Of course, the ancient kingdoms of England and Scotland had been in existence on the island of Great Britain for nearly a thousand years, and for a substantial part of that time, the kings, queens, and peoples of each country fought – sometimes with each other, but often against each other in several conflicts.
Then on March 24, 1603, Elizabeth I of England and Ireland died without an heir, and her closest blood relation was her cousin – James VI of Scotland, who journeyed from Edinburgh to London to peacefully (and amid much celebration) take his place as James I of England and Ireland. With Wales having been annexed into the Kingdom of England during the reign of Henry VIII, King James was now the first person to rule over all Britain in an arrangement that has become known as the Union of the Crowns.
However, the kingdoms over which he reigned remained separate and distinct from each other, and they had their own parliaments, along with their own national interests. James VI & I sought to change that by attempting to persuade the parliaments of England and Scotland to agree to a full political and economic union, which would create a new kingdom under the name of Great Britain.
Indeed, King James was a passionate supporter of the concept. In his Accession speech to his first English Parliament, James made references to his great-great grandfather, Henry VII of England, who united the warring royal houses of York and Lancaster under the Tudor dynasty, which had brought peace to England following the Wars of the Roses. He went on the say that “union of these two princely houses is nothing comparable to the union of two ancient and famous kingdoms, which is the other inward peace annexed to my person.”

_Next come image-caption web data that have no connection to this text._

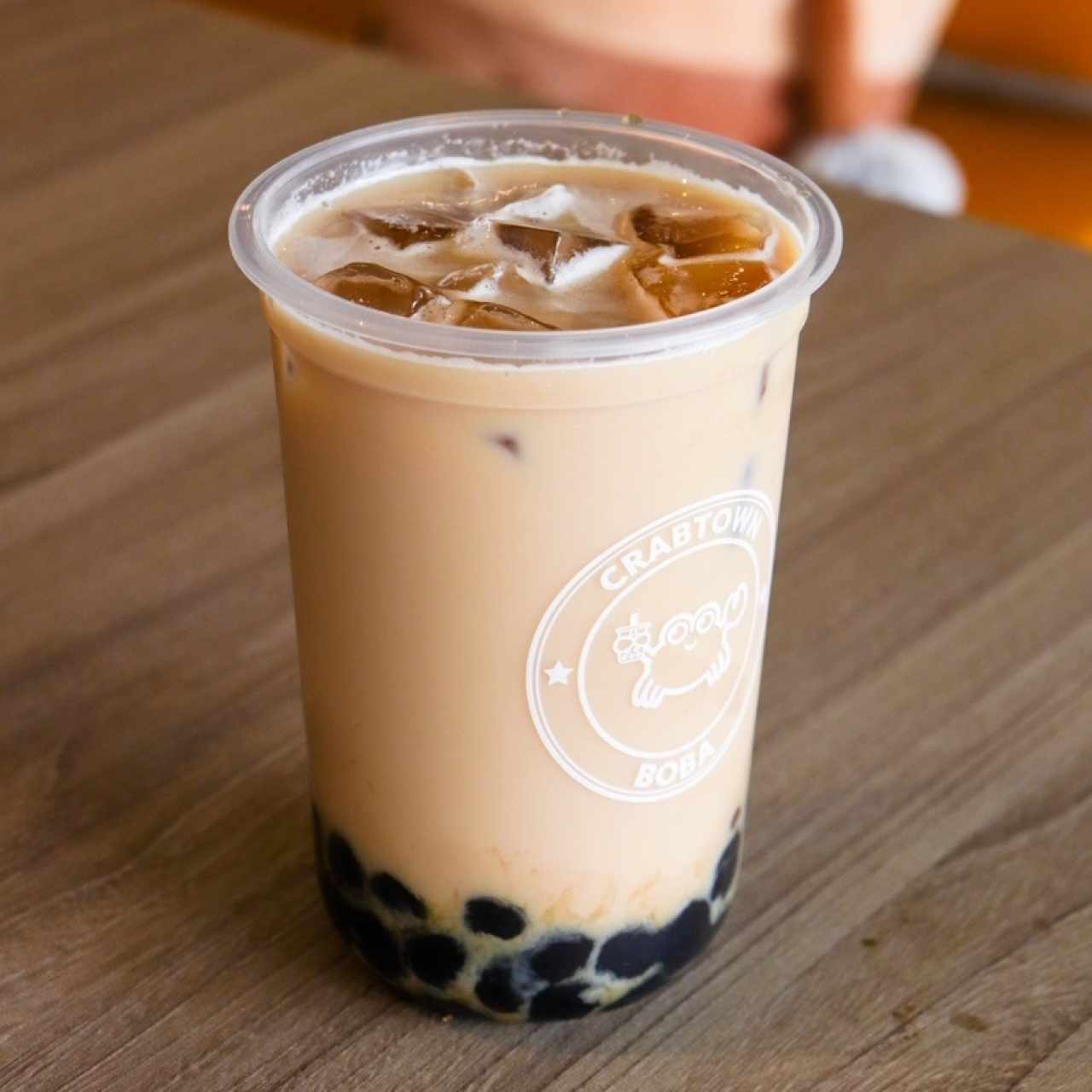 Classic milk tea 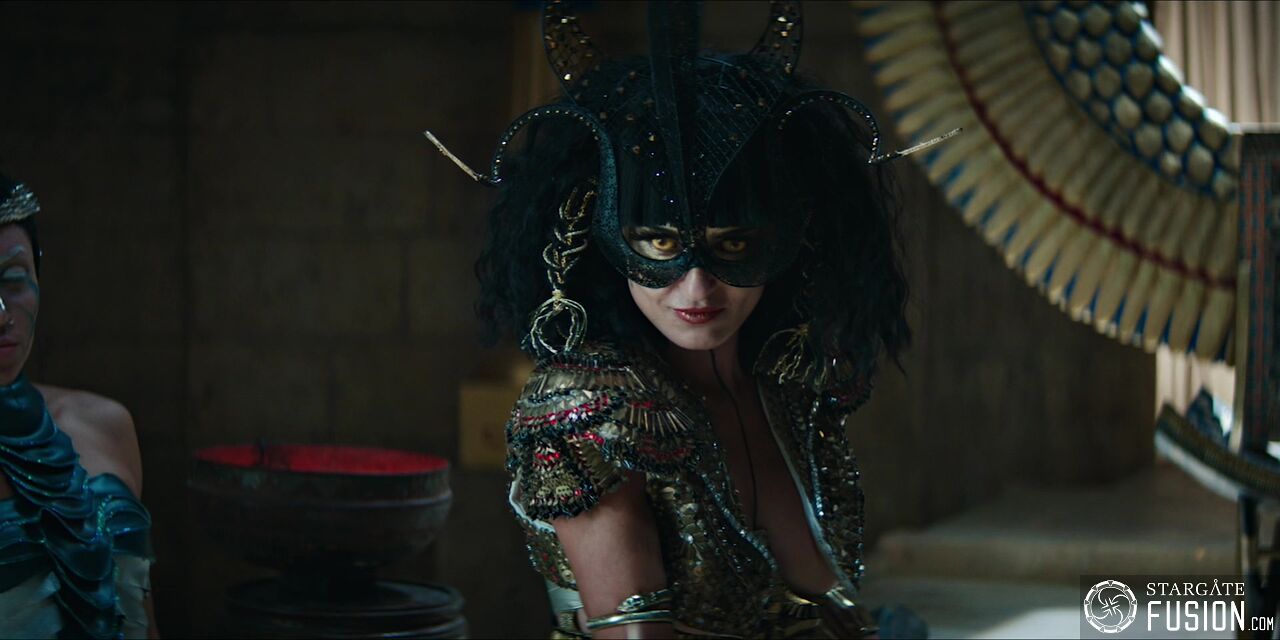 Stargate Origins : Catherine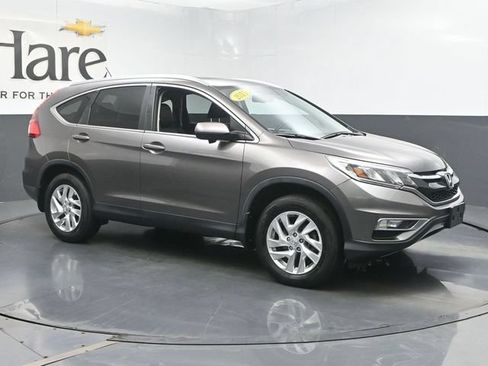 Used 2015 Honda CR-V EX-L image 6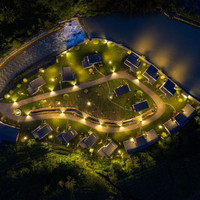 周末清明不加价！张家界野溪河畔度假营(国家森林公园店)听山·静心屋2晚含早+接送机服务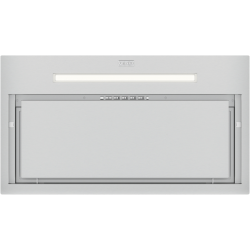 Вытяжка Franke FBFP XS A52/ Best, Вытяжка FBFP XS A52, BOX FLUSH EVO, ширина 52 см, 610 м3/ч, голосовое управление, 3 скорости + интенсивный режим, электронное управление, LED освещение,  цвет: нержавеющая сталь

With this message, he saw himself and his Stuart dynasty as bringing peace to the whole of Britain by ending the ancient Anglo-Scottish feuding. He also emphasized the similarities between the English and Scots “in language, religion, and similitude of manners”, and believed that God had meant for the kingdoms to be united in such a way as to make the border between the two indistinguishable. (“What God has conjoined then, let no man separate.”) Persons opposed to bringing the countries together were “blinded with ignorance, or else transported with malice.”

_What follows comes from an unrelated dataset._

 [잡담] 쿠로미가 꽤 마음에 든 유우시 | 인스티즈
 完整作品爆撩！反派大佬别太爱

James continued on his theme of a destiny towards union by reminding his audience that England was once divided into seven kingdoms (known as the Heptarchy) and Wales, and that Scotland was also an amalgamation of Picts, Scots, Gaels, and others. With unification to become Great Britain, the peoples of this new country would become part of a stronger entity, where they could work with a common purpose and toward a common cause. In other words, they were better together.
This was all very well, but on both sides of the border, there was lukewarm reaction as well as outright hostility to the concept of union – some of it driven by xenophobia. There was already some consternation amongst the English political elite at the fact that they were now being ruled over by a Scot, whilst some in Scotland were fearful of their country being annexed into England as a mere province or county. In addition, there were other nagging questions on trade, commerce, religion, and political representation.
During the remainder of James’ reign, the differences and fears between the two kingdoms proved insurmountable and the union did not come to pass. However, he did enact the merger symbolically by using his powers under the Royal Prerogative to proclaim himself as “King of Great Britain”, combine the royal arms of England and Scotland (with the English lion balancing the Scottish unicorn), and to mesh the flags of St. George (England) and St. Andrew (Scotland) into a new Union Flag.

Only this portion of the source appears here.